Kim Miran, Lauter Kristin
BMC Med Inform Decis Mak. 2015;15 Suppl 5(Suppl 5):S3. doi: 10.1186/1472-6947-15-S5-S3. Epub 2015 Dec 21.
The rapid development of genome sequencing technology allows researchers to access large genome datasets. However, outsourcing the data processing o the cloud poses high risks for personal privacy. The aim of this paper is to give a practical solution for this problem using homomorphic encryption. In our approach, all the computations can be performed in an untrusted cloud without requiring the decryption key or any interaction with the data owner, which preserves the privacy of genome data.

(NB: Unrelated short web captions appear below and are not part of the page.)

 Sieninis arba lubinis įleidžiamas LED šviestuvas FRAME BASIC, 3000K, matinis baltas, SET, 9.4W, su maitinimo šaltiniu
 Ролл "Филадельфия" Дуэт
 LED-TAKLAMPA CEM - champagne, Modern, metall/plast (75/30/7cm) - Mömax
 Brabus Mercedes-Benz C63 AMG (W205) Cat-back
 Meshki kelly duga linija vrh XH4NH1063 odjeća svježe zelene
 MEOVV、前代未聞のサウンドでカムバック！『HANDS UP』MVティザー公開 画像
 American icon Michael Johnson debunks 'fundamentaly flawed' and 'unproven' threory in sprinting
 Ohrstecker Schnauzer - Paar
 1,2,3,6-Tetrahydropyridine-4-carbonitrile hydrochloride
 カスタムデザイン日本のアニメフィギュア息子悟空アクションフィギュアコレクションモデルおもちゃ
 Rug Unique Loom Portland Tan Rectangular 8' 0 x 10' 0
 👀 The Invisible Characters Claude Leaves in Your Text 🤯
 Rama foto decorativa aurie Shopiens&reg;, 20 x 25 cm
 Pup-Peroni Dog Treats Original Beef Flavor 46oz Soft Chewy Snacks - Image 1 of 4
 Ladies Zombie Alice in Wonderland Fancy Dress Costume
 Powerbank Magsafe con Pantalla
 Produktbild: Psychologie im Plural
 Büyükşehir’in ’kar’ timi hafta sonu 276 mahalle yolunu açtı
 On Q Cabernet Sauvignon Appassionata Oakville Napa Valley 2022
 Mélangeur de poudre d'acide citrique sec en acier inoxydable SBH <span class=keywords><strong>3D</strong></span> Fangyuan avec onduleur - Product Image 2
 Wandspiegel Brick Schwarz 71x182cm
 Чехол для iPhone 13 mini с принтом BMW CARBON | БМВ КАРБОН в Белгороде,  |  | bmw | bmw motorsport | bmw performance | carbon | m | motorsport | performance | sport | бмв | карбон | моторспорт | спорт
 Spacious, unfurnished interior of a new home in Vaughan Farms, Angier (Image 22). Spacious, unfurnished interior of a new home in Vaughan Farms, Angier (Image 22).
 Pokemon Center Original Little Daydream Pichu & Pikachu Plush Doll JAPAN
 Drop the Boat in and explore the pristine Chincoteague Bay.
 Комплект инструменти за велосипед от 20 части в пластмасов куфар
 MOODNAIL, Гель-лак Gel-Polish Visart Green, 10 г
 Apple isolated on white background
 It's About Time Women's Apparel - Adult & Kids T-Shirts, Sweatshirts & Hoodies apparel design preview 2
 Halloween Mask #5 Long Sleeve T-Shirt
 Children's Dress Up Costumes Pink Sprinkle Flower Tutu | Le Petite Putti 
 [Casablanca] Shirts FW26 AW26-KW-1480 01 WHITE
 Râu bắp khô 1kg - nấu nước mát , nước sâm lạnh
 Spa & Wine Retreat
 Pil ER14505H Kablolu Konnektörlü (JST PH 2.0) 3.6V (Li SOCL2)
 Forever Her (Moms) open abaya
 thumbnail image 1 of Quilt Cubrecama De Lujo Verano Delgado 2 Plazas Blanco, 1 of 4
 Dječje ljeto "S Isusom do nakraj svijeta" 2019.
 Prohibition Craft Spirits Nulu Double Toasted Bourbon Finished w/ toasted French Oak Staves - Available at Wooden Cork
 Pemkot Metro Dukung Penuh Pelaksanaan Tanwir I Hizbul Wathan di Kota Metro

We present evaluation algorithms for secure computation of the minor allele frequencies and χ2 statistic in a genome-wide association studies setting. We also describe how to privately compute the Hamming distance and approximate Edit distance between encrypted DNA sequences. Finally, we compare performance details of using two practical homomorphic encryption schemes--the BGV scheme by Gentry, Halevi and Smart and the YASHE scheme by Bos, Lauter, Loftus and Naehrig.
The approach with the YASHE scheme analyzes data from 400 people within about 2 seconds and picks a variant associated with disease from 311 spots. For another task, using the BGV scheme, it took about 65 seconds to securely compute the approximate Edit distance for DNA sequences of size 5K and figure out the differences between them.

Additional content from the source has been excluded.